絶対一緒にこの子と旅に出るんだ、と決意した時だった。孤児院にはお世話になった、という気持ちももちろんあったけど、それより私は旅に出たいという気持ちが強かったのだ。
これが八歳の時。まあ、そういった訳で、十歳でスクールを卒業した時、孤児院の人と話し合って旅に出る許可をなんとか毟り取って、旅立ったのだ。
シェルダーはずっと隠し持っていて、人目につかないよう鍛えてきた。
私には旅をするということが希望でしかなかった。
それから、旅をして今日に至るまでエンジュシティに帰ってこなかった。
思い返してみると…そうだった、モンスターボールをくれて、ポケモンの知識を教えてくれた友達っていうのはマツバだったんだ。
頭の中で思い出が繋がっていく。
高速船で会ったときはきちんと思い出してなかったけど、スズネの小道でよくマツバに色々教えてもらっていた。学校も一緒だった。
お礼、ちゃんと言えてなかったなあ。
「僕の仕事、分かったでしょ」
仕事帰り、桟橋を歩いているとヤミラミとマツバが水面を見ていた。
私が話しかける前にこちらに気付いて手を振ってにこり、とマツバが笑いかけてきた。初めて見る笑顔だった。いつもはとろん、と笑うのに。
…何か、意地の悪い笑顔のような気がするかな…。
引きつった笑顔で私は返事を返す。
「うん、ジムリーダーだったんだね…びっくりしたなあ…」
「でしょ。逆にシュスが知らなくて驚いたよ」
今度はとろん、とした笑顔。ああ、マツバの笑顔小さい時から好きだったなあ。
「…もう、意地悪じゃないかな」
「そんなことないよ」
「…まあ、いいけど。それより、また水面見に来てたの?」
「うん。ヤミラミのお気に入りみたい、ここの水面」
ヤミラミは微動だにしない。大丈夫かな?人形とかじゃないかな、と思わせるくらい微動だにしない。
そんなヤミラミを見つつ、マツバに問う。
「マツバ、私きちんと思い出した。よくスズネの小道でポケモンについて教えてくれたよね」
「ああ、そうだったね…懐かしい。モンスターボールもあげたね」
「そう!おかげでシェルターをゲットできたよ…あのね、お礼言ってなかったよね」
マツバの瞳を見て。お礼を言う時は相手の目を見て言わなくちゃいけない、と教えてくれたのは誰だったかなあ。
「ありがとう」
マツバの瞳は、深い紫。この辺じゃあんまり見ない色。きれいな色。幼い頃、憧れていたなあ。あ、少し瞳が揺れた。…動揺?
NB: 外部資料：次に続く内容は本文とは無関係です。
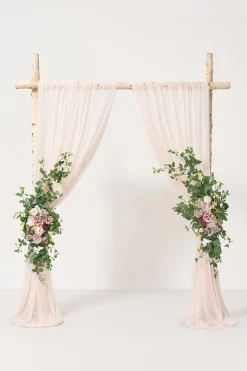 Flower Arch Decor with Drapes in Dusty Rose & Mauve | Clearance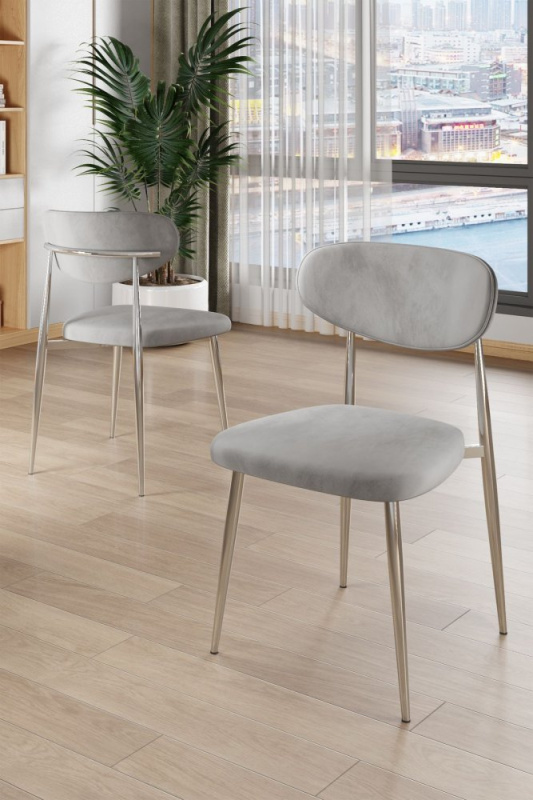 Sada židlí (4 kusy) Vina - Grey, Chrome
一回、ゆっくりと瞬きをしてから目線が外れた。ヤミラミを見る。
「…シュス、なんで旅に出ちゃったんだい?」
再会してから初めて聞く声だった。…ううん、出会ってから初めて聞く声。自信がない、というか…怖いのかな…。今まで話してきて、マツバは常に芯が通っていて、揺らぎなかったように感じていた。飄々としているようだけど。そんなマツバがこんな声を出すなんて、驚いた。
言葉をちゃんと選んで話さないと、と思わせた。
「…私の生まれは覚えている?」
「…ううん、そういうこと話したことなかったね」
「そうだっけ…私はね、孤児院育ちなんだ。親の顔は知らない。孤児院はきちんと私が生きていけるためにスクールも通わせてくれたし、食べるものと寝るところも与えてくれた。けど、早くここを抜け出して自由になりたいって思っていたんだ。当時の私の第一優先事項はそれだった。何よりもね。だから、旅に出たの」
「……そう」
マツバの目線はまだヤミラミのままだった。だから、表情を見ての心情を察することは出来ない。ちゃんと、マツバが分かってくれるように私は話せたかな。誤解がない様に話せたかな。
「僕、君が卒業と同時くらいに旅に出たって噂で聞いて悲しくなったよ。何かしたのかな、とかネガティブになったりしたんだよ」
「…ごめん」
「…でも、その話聞けて良かったよ。話してくれて、ありがとう」
やっと目線を合わせてくれた。マツバの表情は柔らかくて晴れ晴れしているようだった。良かった。私はちゃんと話せたのかな。
…でも、私、記憶の中ではちゃんと、マツバに育ちのこと話しているんだけど・・・違ったっけなあ。